Monthly mean temperature difference (July - January)
Client-side computation (using Xarray)
The client-side approach leverages the intuitive grouping capabilities of Xarray. We download the entire collection and use groupby('time.month').mean(dim='time') to efficiently calculate the monthly mean temperature. This approach provides a very clear and concise expression of the calculation.
climate = (ee.ImageCollection('ECMWF/ERA5_LAND/MONTHLY_AGGR')
.filterDate('1960', '2020'))
global_geom = shapely.geometry.box(-180, -90, 180, 90)
grid_params = helpers.fit_geometry(
geometry=global_geom,
grid_crs='EPSG:4326',
grid_scale=(1.0, -1.0)
)
ds = xarray.open_dataset(
climate,
engine='ee',
**grid_params
)
mean_deg_c = ds['temperature_2m'].groupby('time.month').mean(dim='time') - 273.15
(mean_deg_c[6] - mean_deg_c[0]).plot()
<matplotlib.collections.QuadMesh at 0x7cb2751eebc0>
Server-side computation (using Earth Engine)
While Earth Engine can perform the calculation, it requires a join operation due to the need to group images by month. This involves creating helper functions and applying a join filter, which can be less intuitive compared to Xarray’s concise grouping syntax.
def k_to_c(image):
return image.select().addBands(image.subtract(273.15))
def add_month_attribute(image):
month = image.date().get('month')
return image.set('month', month)
deg_c = (ee.ImageCollection('ECMWF/ERA5_LAND/MONTHLY_AGGR')
.filterDate('1960', '2020')
.select('temperature_2m')
.map(k_to_c)
.map(add_month_attribute))
deg_c_by_month = deg_c.distinct('month')
filter = ee.Filter.equals(leftField='month', rightField='month')
join = ee.Join.saveAll('month_match')
deg_c_by_month = join.apply(deg_c_by_month, deg_c, filter)

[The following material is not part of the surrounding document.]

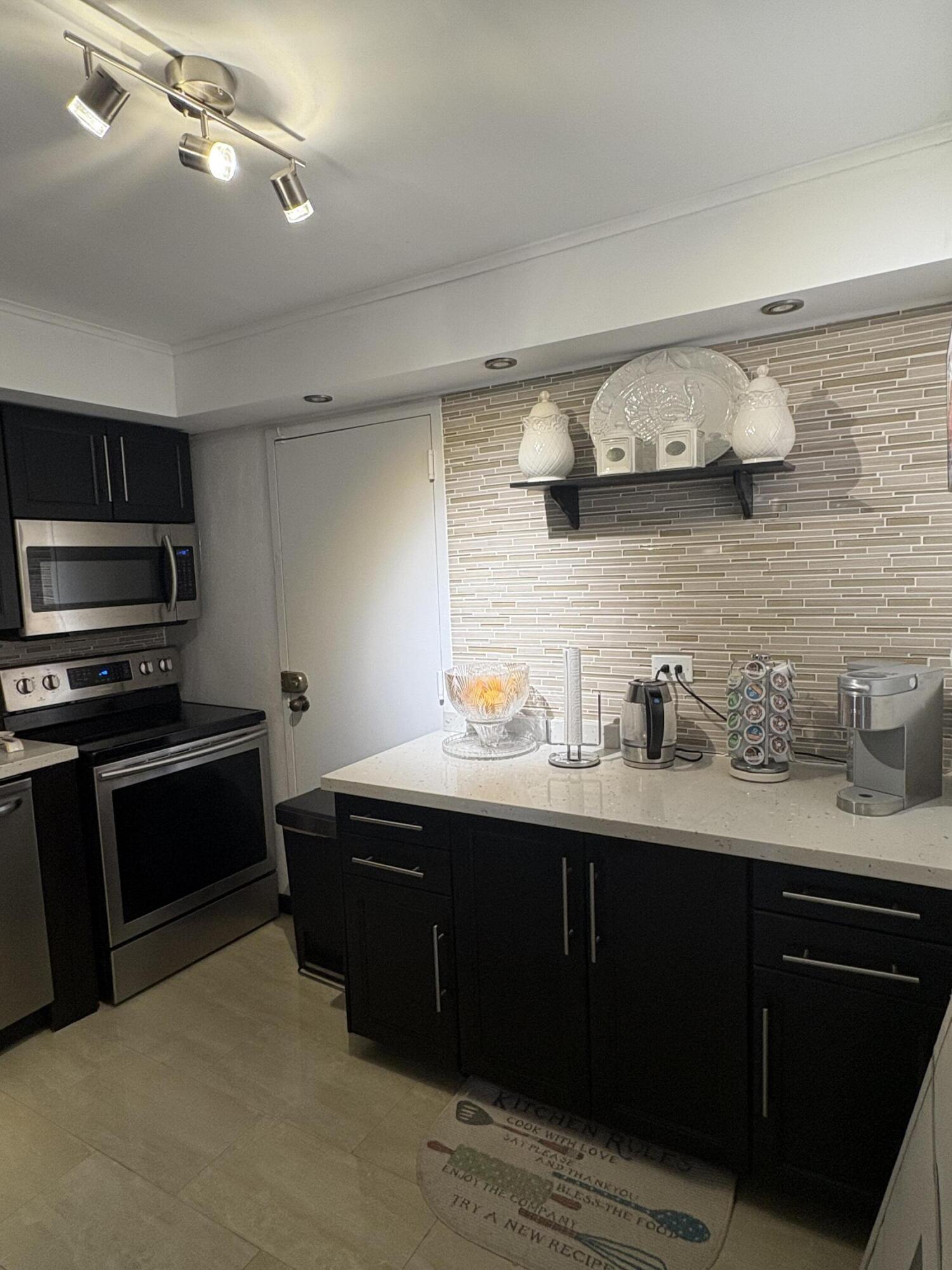 3730 Inverrary #2t, Lauderhill FL 33319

def get_month_mean_across_years(image):
deg_c_mean = ee.ImageCollection.fromImages(image.get('month_match')).mean()
return deg_c_mean.set('month', image.get('month'))
deg_c_by_month = deg_c_by_month.map(get_month_mean_across_years)
global_geom = shapely.geometry.box(-180, -90, 180, 90)
grid_params = helpers.fit_geometry(
geometry=global_geom,
grid_crs='EPSG:4326',
grid_scale=(1.0, -1.0)
)
ds = xarray.open_dataset(
ee.ImageCollection(deg_c_by_month),
engine='ee',
**grid_params
)
mean_deg_c = ds['temperature_2m']
(mean_deg_c[6] - mean_deg_c[0]).plot()
<matplotlib.collections.QuadMesh at 0x7cb2752ee1a0>
Comparison
For calculating the monthly mean temperature difference with a focus on code readability, the client-side approach using Xarray is preferable. The grouping syntax is more natural and easier to follow. In situations where performance is a major concern (e.g., extremely large datasets or very high resolutions), the performance characteristics of each approach should be carefully evaluated, but in this case, the readability advantage of Xarray makes it a strong choice.